Distributed Mode¶

Note

This feature is currently experimental. While it's fully functional and ready for use, it's not extensively tested in production yet. Bugs, performance issues and API changes should be expected. Welcome to have a try and build together with us!

Distributed mode enables you to create actors at remote nodes. When calling a remote actor, all arguments will be serialized and sent to the remote node through network, after execution the return value will be deserialized and sent back to the caller.

Example¶

#include <algorithm>
#include <cassert>
#include <iostream>
#include <string>
#include "ex_actor/api.h"

class PingWorker {
 public:
  explicit PingWorker(std::string name) : name_(std::move(name)) {}
  static PingWorker Create(std::string name) { return PingWorker(std::move(name)); }
  std::string Ping(const std::string& message) { return "ack from " + name_ + ", msg got: " + message; }
 private:
  std::string name_;
};

// 1. Register the class & methods using EXA_REMOTE macro.
// The first argument is a function to create your class,
// the rest are methods you want to call remotely.
// Why need such boilerplate? (1) Note about inheritance: (2)
EXA_REMOTE(&PingWorker::Create, &PingWorker::Ping); 

stdexec::task<void> MainCoroutine(int argc, char** argv) {
  std::string listen_address = argv[1];
  std::string node_name = argv[2];
  std::string peer_node_name = argv[3];
  std::string contact_address = (argc > 4) ? argv[4] : "";

  ex_actor::Init(/*thread_pool_size=*/4);
  // 2. start or join a cluster.
  co_await ex_actor::StartOrJoinCluster(ex_actor::ClusterConfig {
      // The public address other nodes use to connect to you,
      // we'll open a listening port at this address.
      .listen_address = listen_address,
      // If you're the first node of the cluster, leave this empty.
      // Otherwise, set to any node in the cluster to join.
      .contact_node_address = contact_address,
      // Optional friendly name for this node.
      .node_name = node_name,
  });

  // 3. Wait until the peer we care about has joined the cluster.
  auto [cluster_state, condition_met] = co_await ex_actor::WaitClusterState(
      /*predicate=*/[&](const ex_actor::ClusterState& state) {
        return std::ranges::any_of(state.nodes,
            [&](const auto& n) { return n.node_name == peer_node_name; });
      },
      /*timeout_ms=*/5000);
  assert(condition_met);

  // 4. Look up the peer node by its user-defined name.
  auto it = std::ranges::find_if(cluster_state.nodes,
      [&](const auto& n) { return n.node_name == peer_node_name; });
  auto remote_node_id = it->node_id;

  // 5. Create actor at remote node and play!
  auto ping_worker = co_await
      ex_actor::Spawn<&PingWorker::Create>(/*name=*/"Alice") // (3)
      .ToNode(remote_node_id);
  std::string ping_res = co_await ping_worker.Send<&PingWorker::Ping>("hello");
  assert(ping_res == "ack from Alice, msg got: hello");
  std::cout << "All work done" << std::endl;


  // helper function to wait for OS exit signal(like CTRL+C or kill) before shutting down, otherwise the process
  // might exit earlier than the peer node finishes its work, causing error in the peer node.
  co_await ex_actor::WaitOsExitSignal();
  ex_actor::Shutdown();
}

int main(int argc, char** argv) { stdexec::sync_wait(MainCoroutine(argc, argv)); }

In C++20, there is no way to get your class's methods at compile-time, so we need you to list them manually. We'll eliminate it in C++26 with reflection, stay tuned!
If you want to call a virtual method through base class, you need to register the base class's methods as well, like EXA_REMOTE(&Derived::Create, &Base::Foo, &Derived::Foo);
Note here in Spawn<>, you should provide the factory function pointer (the first argument of EXA_REMOTE) as the template argument. This differs from local actors, where you would pass the class type itself.
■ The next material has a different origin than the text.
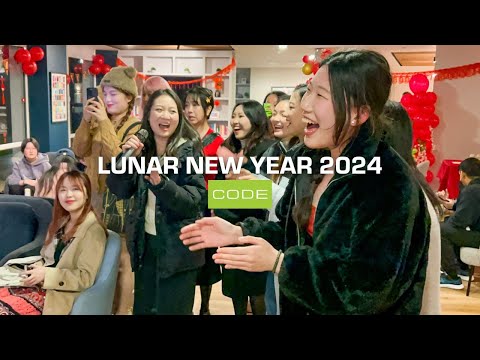 Lunar New Year 2024 - CODE Fairfax Street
Compile this program into a binary, let's say distributed_node.

# usage: `./distributed_node <listen_address> <node_name> <peer_node_name> [contact_address]`

# in one shell
./distributed_node tcp://127.0.0.1:5301 node0 node1

# in another shell
./distributed_node tcp://127.0.0.1:5302 node1 node0 tcp://127.0.0.1:5301

Both processes should print "All work done" log.

The process will block on ex_actor::WaitOsExitSignal(). You should kill them manually by CTRL+C or kill command.

Fault tolerance¶

When a node can't be reached by any node in the cluster, it's considered dead, all in-flight remote calls will throw ex_actor::NetworkError, by catching this exception you can handle the failure gracefully. (ex_actor::ConnectionLost is a type alias kept for backward compatibility.)

try {
  co_await ref.Send<&YourClass::Method>();
} catch (const ex_actor::NetworkError& e) {
  // e.remote_node_id tells you which node was lost
  // e.what() has a human-readable message
}

For example, now a node dies, you want to recreate your actor to another node:

bool connection_lost = false;
try {
  co_await ref.Send<&YourClass::Method>();
} catch (const ex_actor::NetworkError& e) {
  connection_lost = true;
}

if (connection_lost) {
  std::cout << "I need a new node to join the cluster!" << std::endl;
  // 1. launch a new node, either by starting a process manually,
  // or using outer system's API if you are using k8s or slurm etc.

  // 2. wait for the new node to be ready.
  co_await ex_actor::WaitClusterState(...);

  // 3. recreate your actor to the new node. The original actor's state
  // is lost forever, it's your responsibility to handle the state recovery.
  auto new_ref = co_await ex_actor::Spawn<&YourClass::Create>().ToNode(new_node_id);
}

Architecture details¶

Serialization¶

We choose reflect-cpp as the serialization library. It is a reflection-based C++20 serialization library, which can serialize basic structs automatically, avoiding a lot of boilerplate code.

As for the protocol, since we have a fixed schema by nature(all nodes use the same binary, so the types are the same across all nodes), we can take advantage of a schemafull protocol. For this reason, we choose Cap'n Proto from reflect-cpp's supported protocols.

Network¶

We choose ZeroMQ, it's a well-known and sophisticated message passing library.

The node states are synchronized via gossip protocol, no centralized coordination node.